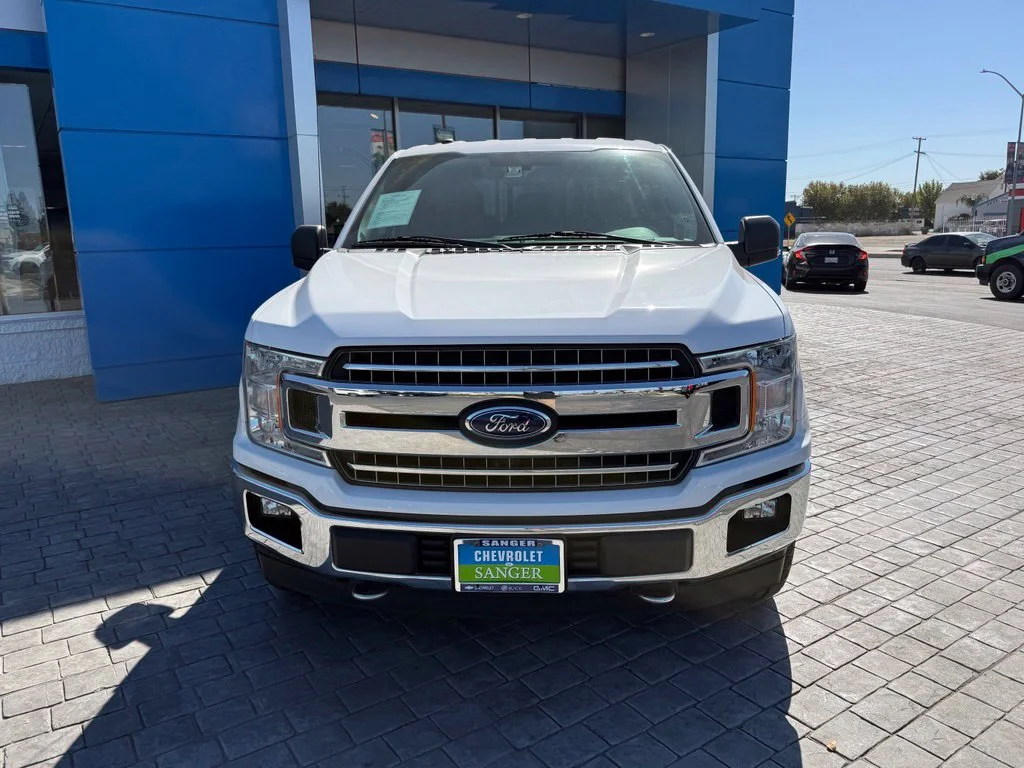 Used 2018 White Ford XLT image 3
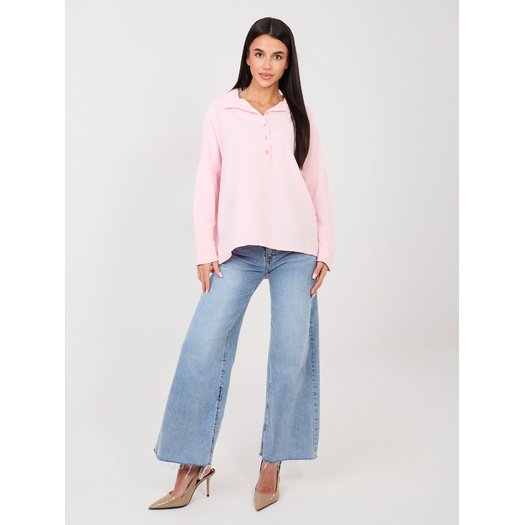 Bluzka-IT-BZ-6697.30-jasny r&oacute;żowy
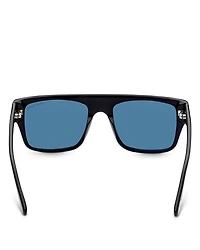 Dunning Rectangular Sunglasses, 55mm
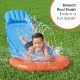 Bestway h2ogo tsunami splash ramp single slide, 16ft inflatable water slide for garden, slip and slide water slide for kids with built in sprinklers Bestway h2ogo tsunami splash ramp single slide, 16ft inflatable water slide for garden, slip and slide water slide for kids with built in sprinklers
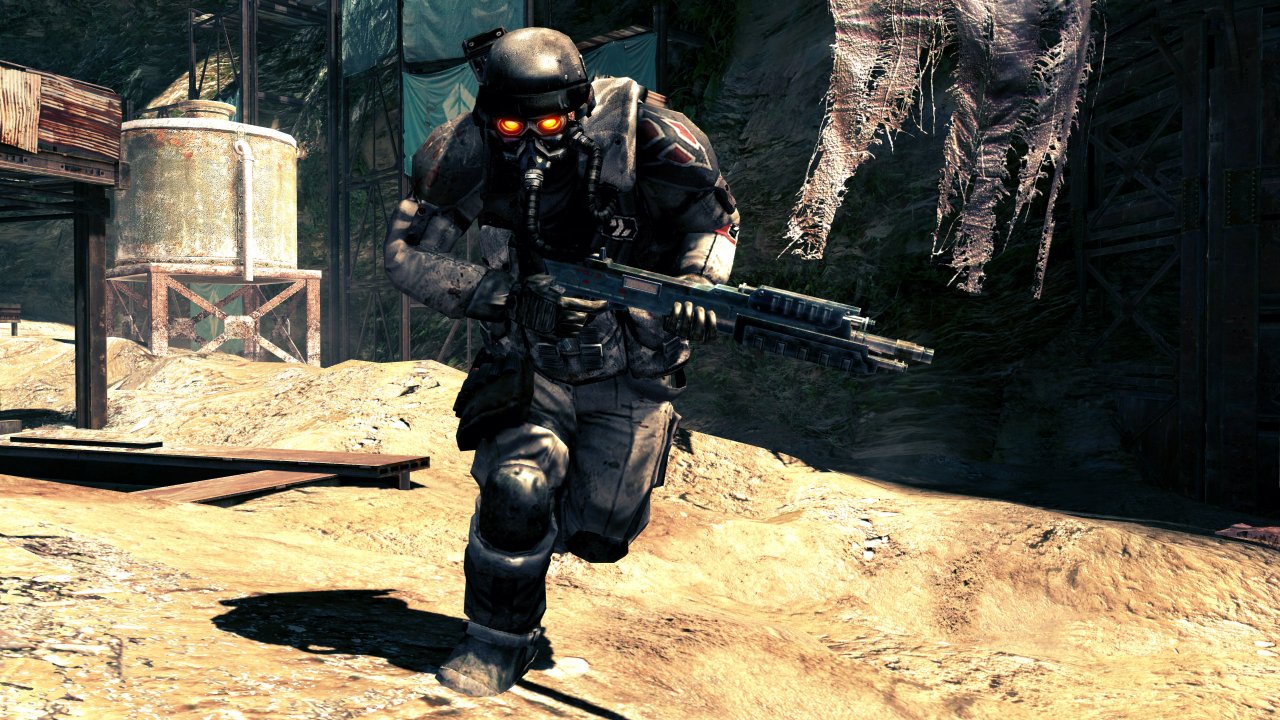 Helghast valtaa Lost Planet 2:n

==========

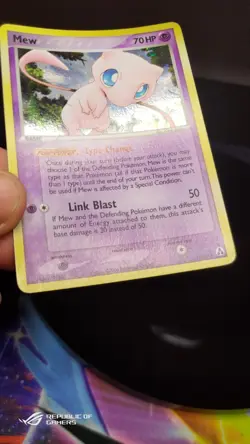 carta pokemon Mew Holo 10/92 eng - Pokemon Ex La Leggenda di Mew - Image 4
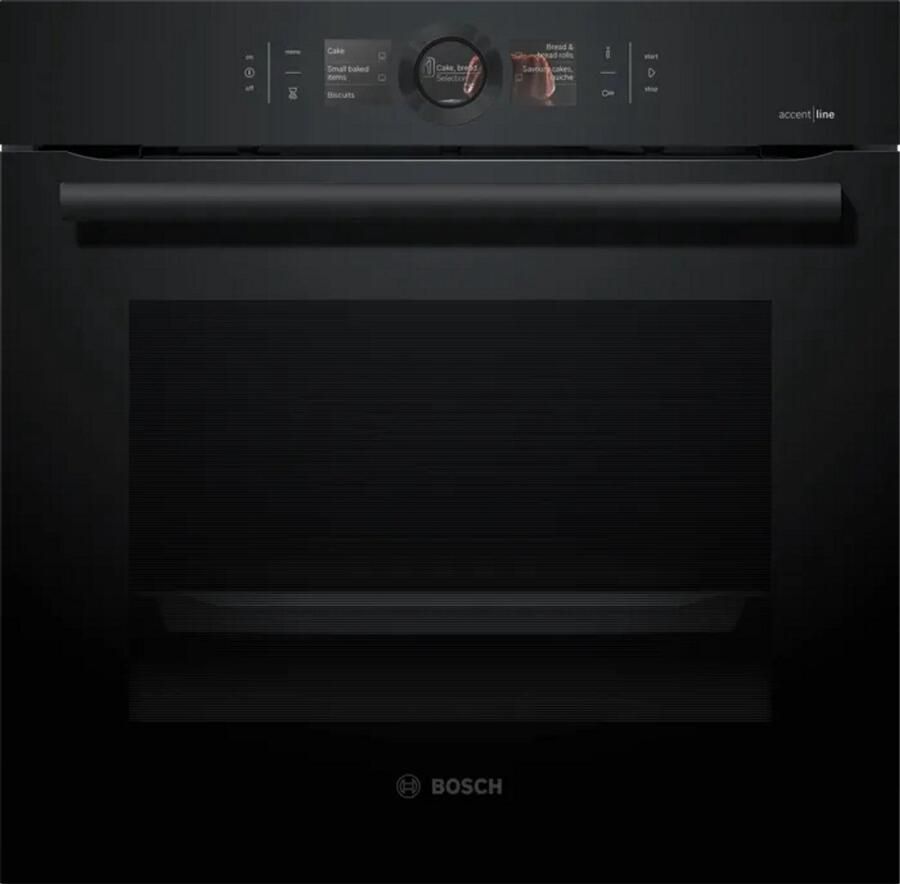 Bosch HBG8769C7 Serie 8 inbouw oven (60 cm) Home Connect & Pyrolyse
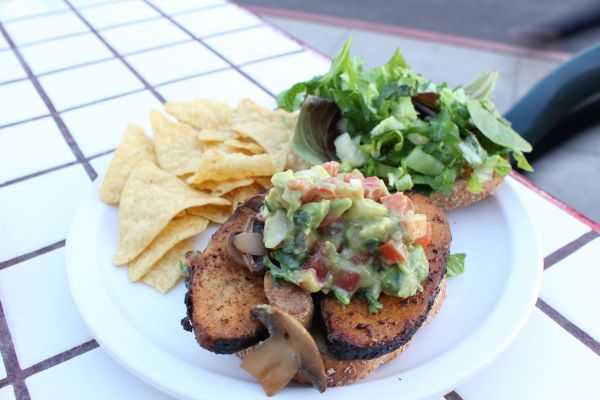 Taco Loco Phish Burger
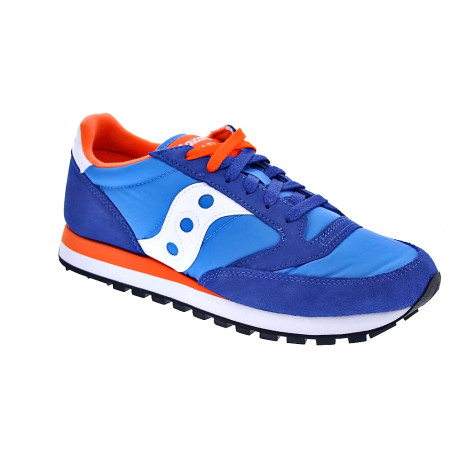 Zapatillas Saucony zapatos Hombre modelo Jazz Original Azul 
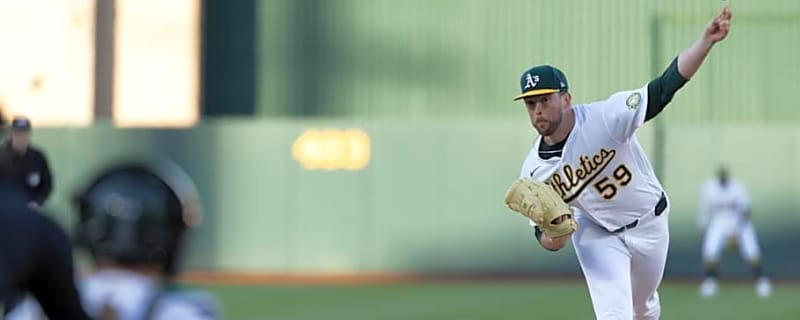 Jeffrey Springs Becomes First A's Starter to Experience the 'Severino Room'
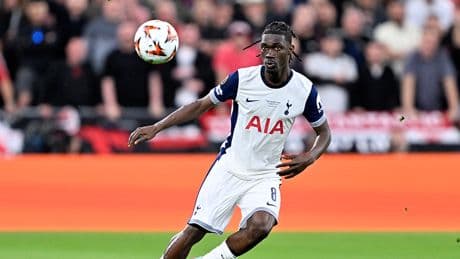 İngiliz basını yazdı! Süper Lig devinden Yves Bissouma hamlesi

==========

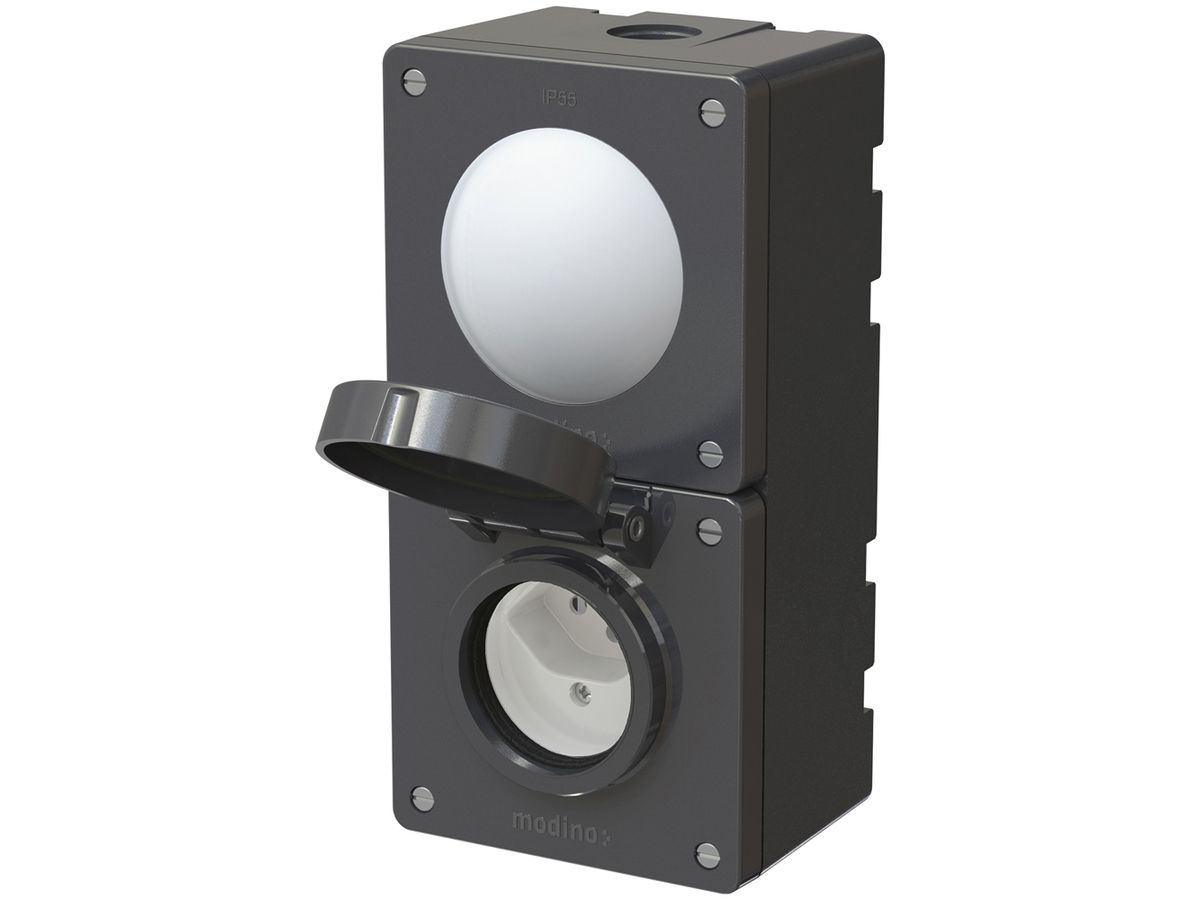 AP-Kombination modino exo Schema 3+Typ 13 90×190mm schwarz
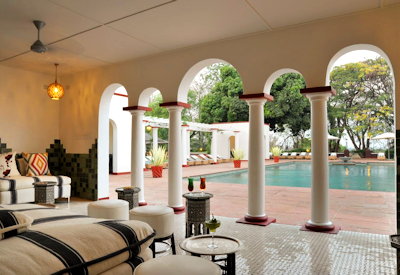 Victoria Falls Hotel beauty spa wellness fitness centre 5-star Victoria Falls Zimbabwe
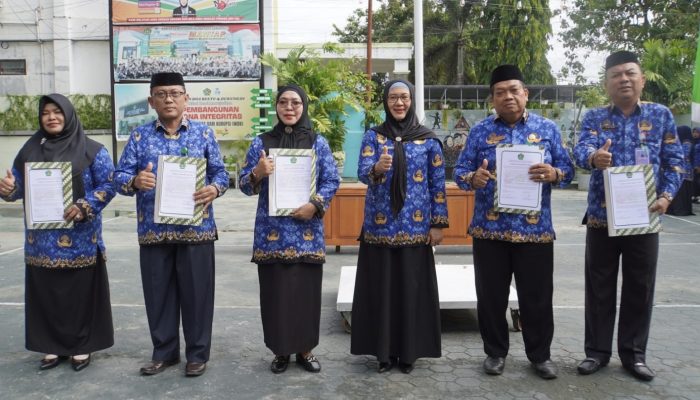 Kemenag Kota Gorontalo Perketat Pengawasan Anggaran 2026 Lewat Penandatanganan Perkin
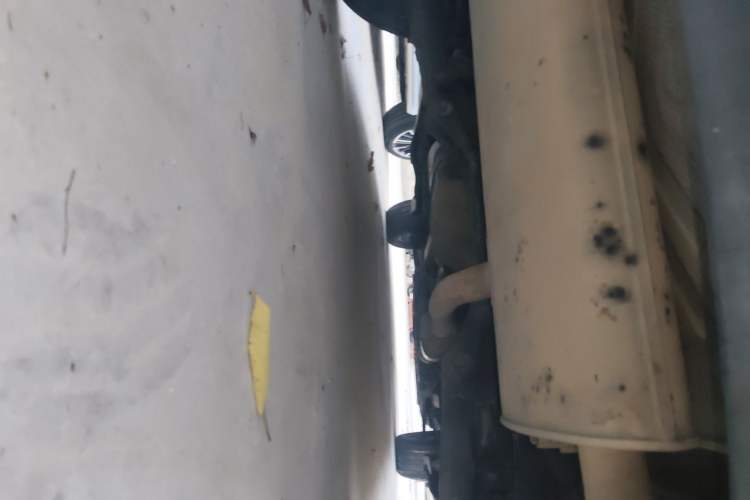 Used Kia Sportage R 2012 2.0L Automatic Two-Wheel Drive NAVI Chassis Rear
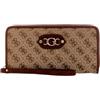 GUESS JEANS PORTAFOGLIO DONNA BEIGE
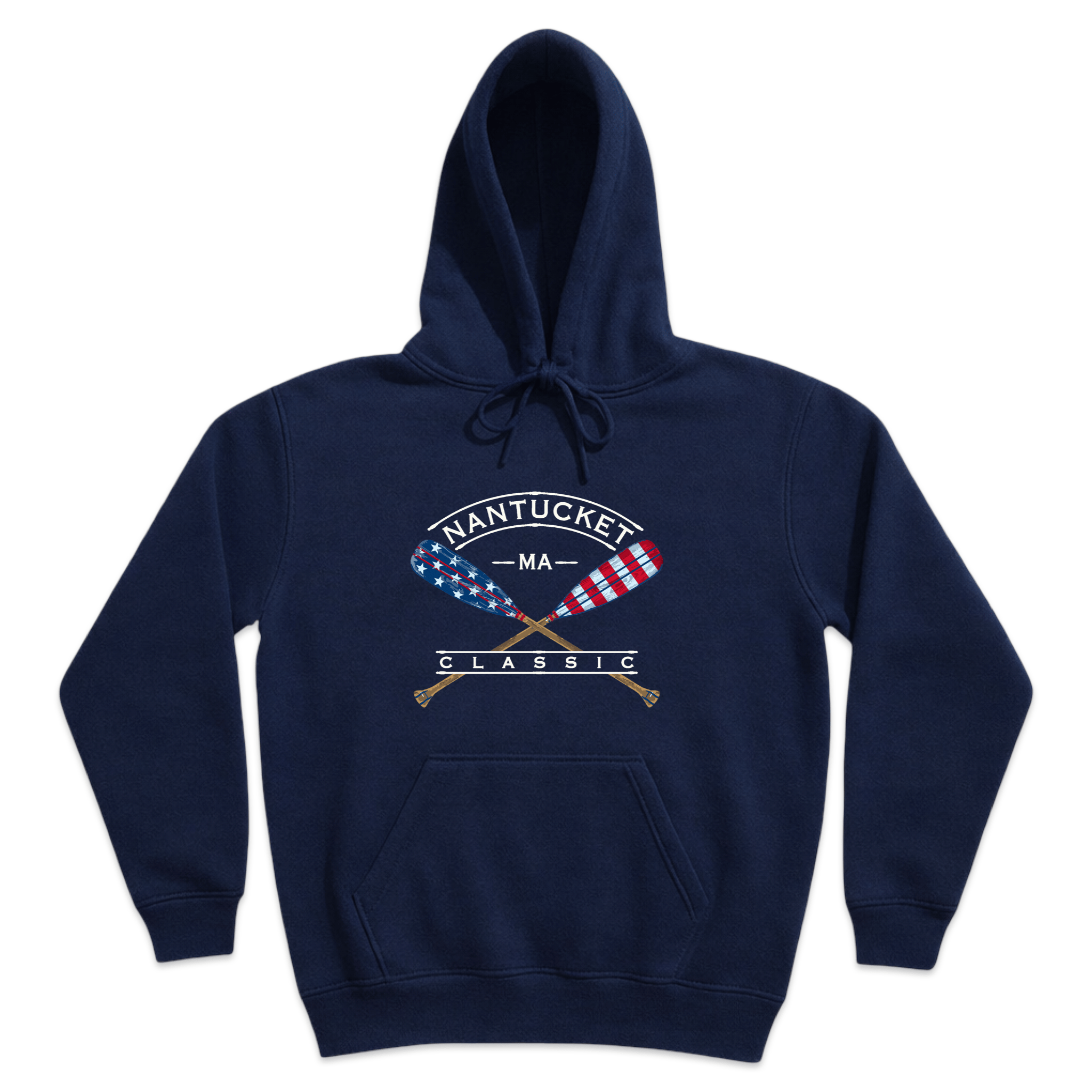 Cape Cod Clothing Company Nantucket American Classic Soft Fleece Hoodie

==========

What do the entries above read from the line containing "Dunning Rectangular Sunglasses, 55mm" through the line containing "Helghast valtaa Lost Planet 2:n"? Output those lines exactly, both ends included, with the pictures left out.

 Dunning Rectangular Sunglasses, 55mm
 Bestway h2ogo tsunami splash ramp single slide, 16ft inflatable water slide for garden, slip and slide water slide for kids with built in sprinklers Bestway h2ogo tsunami splash ramp single slide, 16ft inflatable water slide for garden, slip and slide water slide for kids with built in sprinklers
 Helghast valtaa Lost Planet 2:n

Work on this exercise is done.